In order to provide a counteraction to the aerodynamic thrust that is developed by the impeller 37, a "balance piston" is provided by way of a low pressure cavity 59 behind the impeller wheel 37. A passage 61 is provided in the impeller 37 in order to maintain the pressure in the cavity 59 at the same low pressure as the compressor suction indicated generally by the numeral 60. This pressure (downstream of the guide vanes 70) typically varies from around 77 psia at full load, down to 40 psia at 10% load. Since the pressure in the transmission casing is higher (i.e., equal to the compressor suction pressure upstream of the inlet guide vanes 70, or about 78-79 psia) than that in the cavity 59, and especially at part load operation, a labyrinth seal 62 with its associated teeth 63 is provided between the bearing 40 and the impeller 37 to seal that area against the flow of oil from the transmission into the balance piston 59. This concept is well known as is the further concept of pressurizing the labyrinth seal by exerting a high pressure gas thereon. If, as is customary, high pressure gas from the discharge line is used to pressurize the labyrinth seal 62, then the substantial pressure differential will cause the high pressure vapor, (i.e. around 200 psia) to flow from the labyrinth seal 62 to the low pressure sections of the system to thereby reduce the efficiency thereof. This flow can occur in two directions as indicated by the arrows in figures 1 and 2. It can flow along passage 61 to the compression suction 60 or it can flow along passage 57 to the sump 58, from where it can flow as indicated by the arrows in figure 1, through the vent opening 55, the tube 65, the suction pipe 75 and finally to the compressor suction 60.
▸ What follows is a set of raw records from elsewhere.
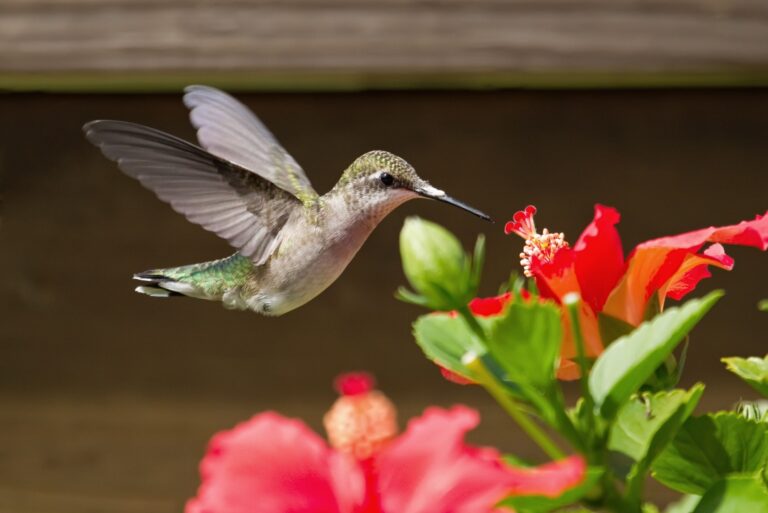 hummingbird feeding on a red hibiscus bloom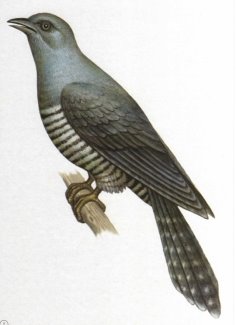 http://dasha46.narod.ru/Encyclopedic_Knowledge/Biology/Animals/Birds/2/Kukushka1.jpg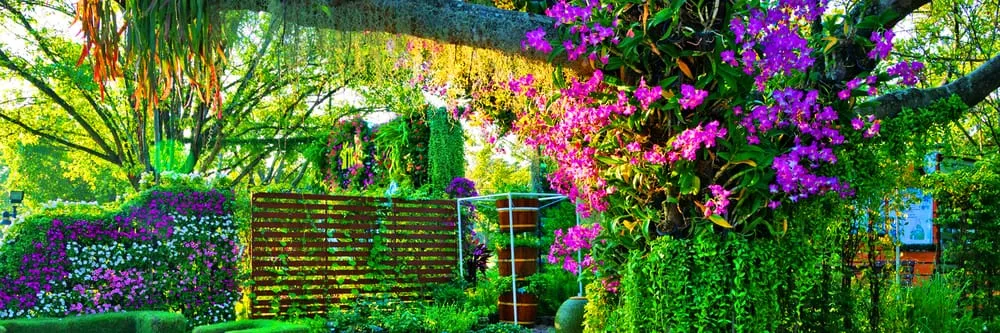 Affordable yard cleanup service in Landenberg, PA by Superior Yardworks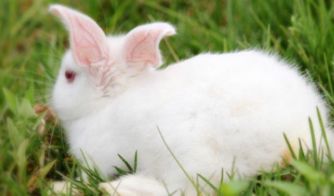 兔子为什么不吃红萝卜 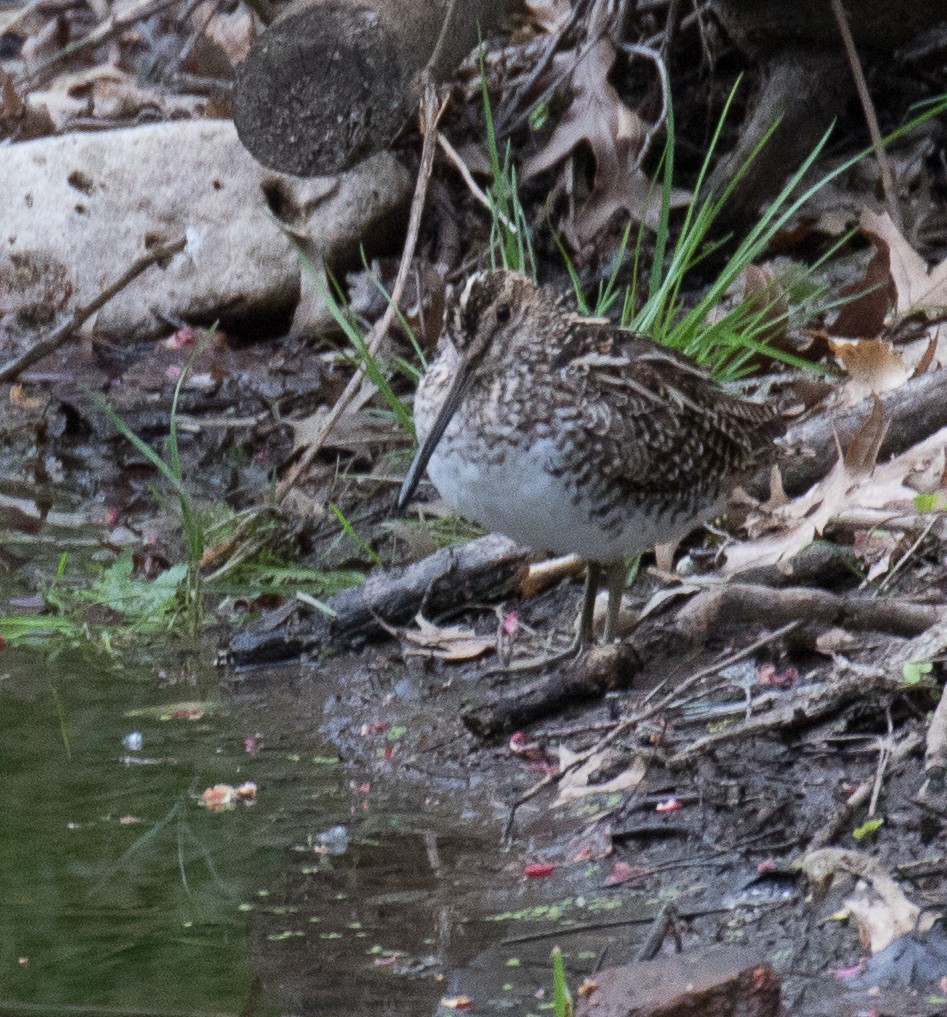 Wilson's Snipe - ML154801721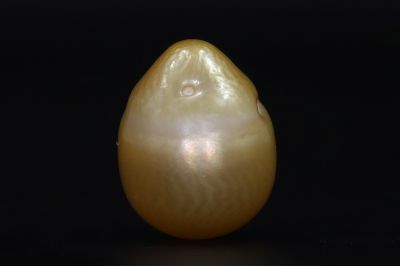 691729 Original Natural Pearl (South Sea) 13.6 Carat Weight Origin Australia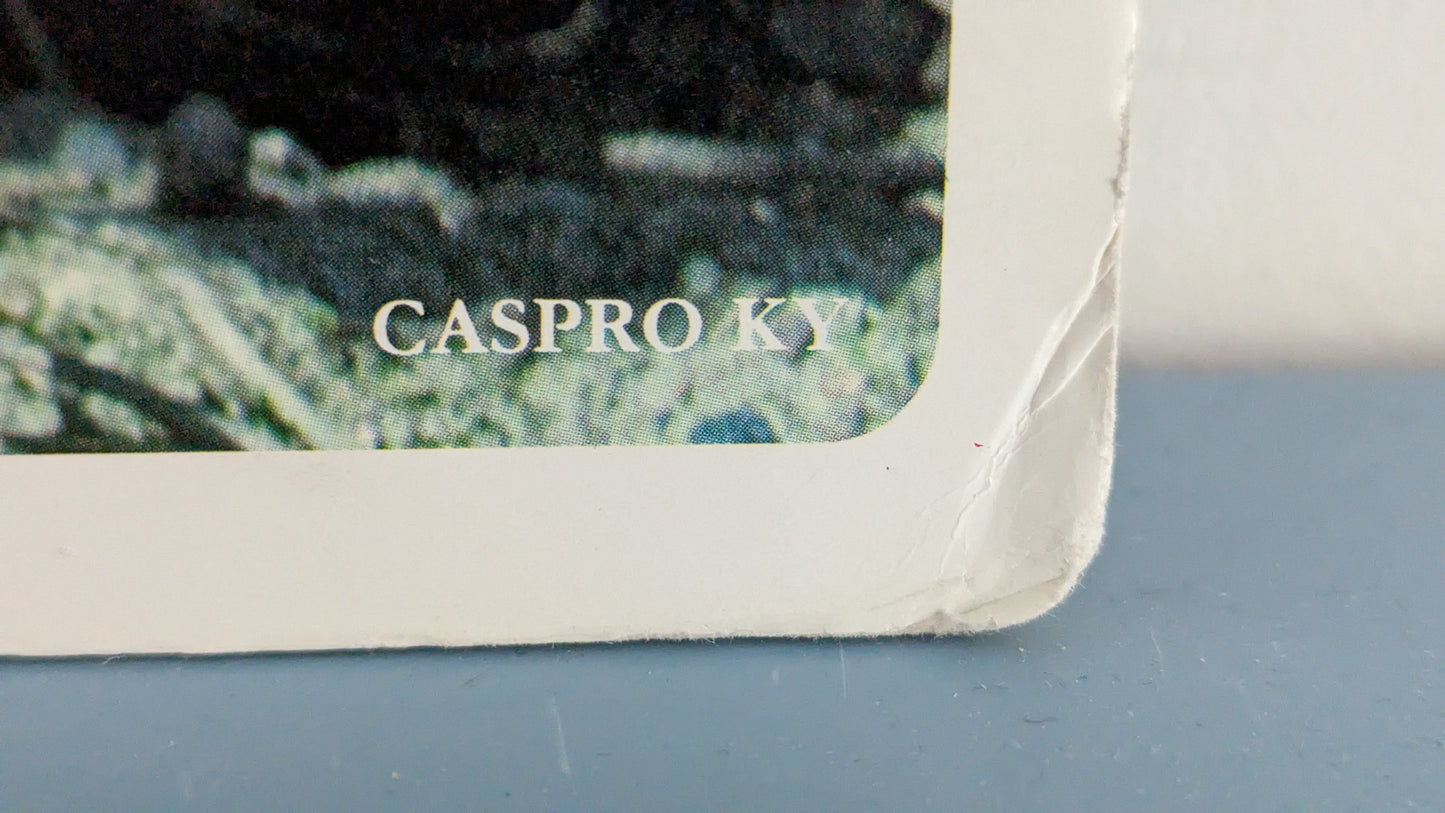 Opetustaulu Syksy - Voikukka (Caspro Ky)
In order to prevent these losses, the labyrinth seal 62 has instead, been pressurized with the refrigerant vapor in the motor chamber 45, which vapor passes through the line 48, the passage 52, and a passage 66 in the labyrinth seal 62. Thus, the labyrinth seal 62 is pressurized at the motor casing pressure of 85-86 psia, which is 6-8 psi above the transmission pressure.
With this pressure differential being so minimized, the losses that would result from the labyrinth pressurization gas leaking back into the transmission and eventually into the compressor suction 60 is therefore also minimized. Similarly, with the pressure differential between the labyrinth seal 62 and the compressor suction 60 being minimized, the losses that result from the leakage of labyrinth pressurization gas leaking directly into the compressor suction 60 by way of the passage 61 is also minimized.
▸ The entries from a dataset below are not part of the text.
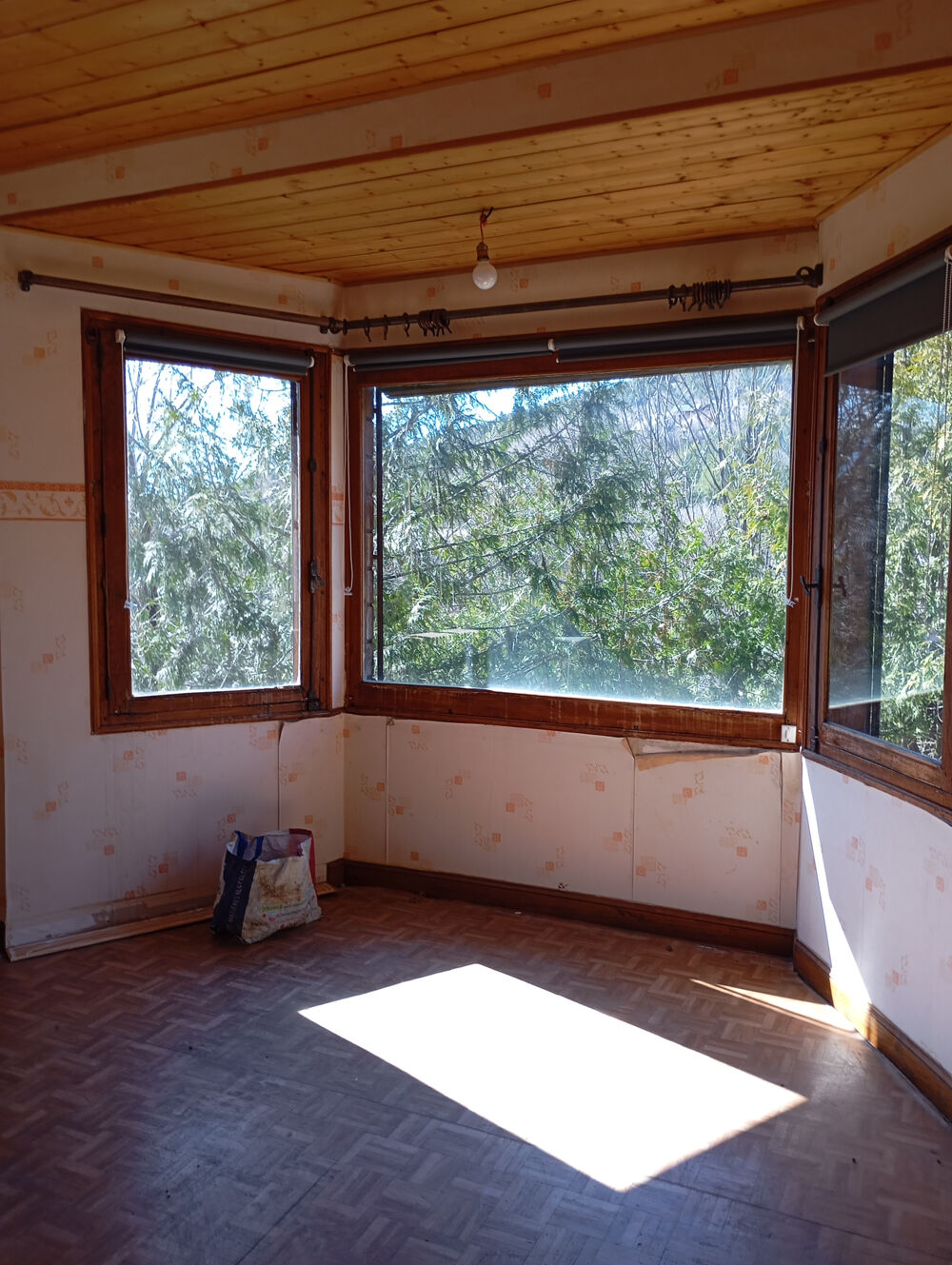 � vendre  Propri�t�/ch�teau Embrun (05200)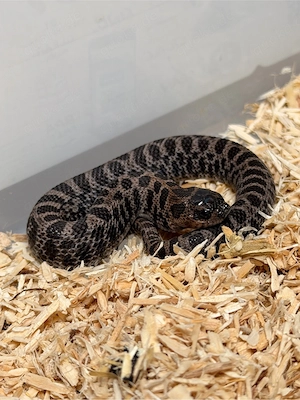 Sable, Heterodon Nasicus, Hakennasennatter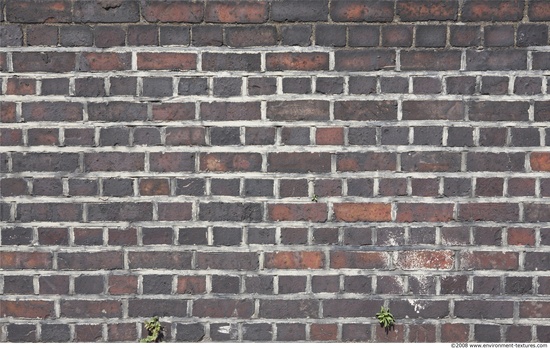 Wall Bricks Damaged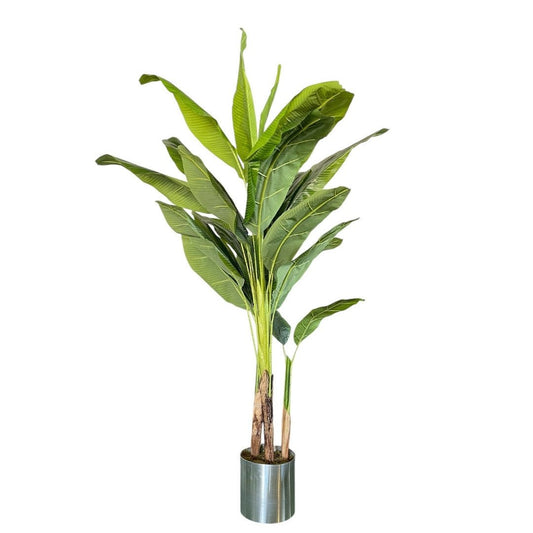Yapay Muz Ağacı 220 cm - MuunsDeco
It will therefore be seen that the present invention not only provides the advantages of using a labyrinth seal for isolating the transmission chamber 30 from a balance piston in a centrifugal compressor, but also provides a novel and practical means of pressurizing the labyrinth seal in a manner which optimizes the efficiency of the system.
Claims (9)
1. An improved seal arrangement for a centrifugal compressor of the type having a balance piston to counteract the thrust load on the impeller, a labyrinth seal interposed between the balance piston and a transmission chamber, and a source of pressurized gas to pressurize the labyrinth seal, characterized by:
a source of pressurized fluid which is maintained at a pressure that is slightly above the pressure in the transmission chamber; and a conduit which fluidly interconnects said source of pressurized fluid to the labyrinth seal.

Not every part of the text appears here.